The 1966 novel Hard Rain Falling by Don Carpenter is an extremely well regarded "forgotten work" of American realist fiction, highly praised by lovers of classic crime novels and scholars of Northwest literature. The book was recently reprinted by the ever reliable New York Review Books, and I've been looking for an open window of time in which to start reading it. I'm even more eager to crack it open after reading George Pelacanos' appreciative essay in a recent edition of The Rumpus.

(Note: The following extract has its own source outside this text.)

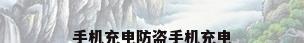 手机充电防盗手机充电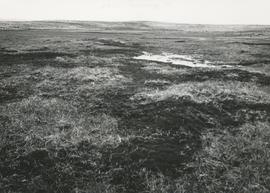 Illiflói 1972, séð til suðurs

[Hard Rain Falling] is the kind of infrequent reading experience that can only be described as a revelation. Inexplicably long out of print, its republication by New York Review Books is cause for celebration...
Having escaped from his orphanage, [protagonist Jack Levitt] now runs with a group of hard teenagers who hang on the corner of Broadway and Yamhill in Portland, Oregon...Carpenter’s descriptions of pool halls and the intricacies of various billiard games are top shelf, as are his tours of the rooming houses, diners, and boxing arenas of the Pacific Northwest. After an incident involving a break-in, Jack is sent to reform school in Woodburn...Jack’s next stop is a stint in the state mental institution in Salem. He is released, boxes semi-professionally, does jail time in Peckham County, Idaho for “rolling a drunk,” and gets work in eastern Oregon, “bucking logs for a wildcat outfit.”
“I’m an atheist,” said Carpenter, in a 1975 interview. “I don’t see any moral superstructure to the universe at all. I consider my work optimistic in that the people, during the period I’m writing about them, are experiencing intense emotion. It is my belief that this is all there is to it. There is nothing beyond this.”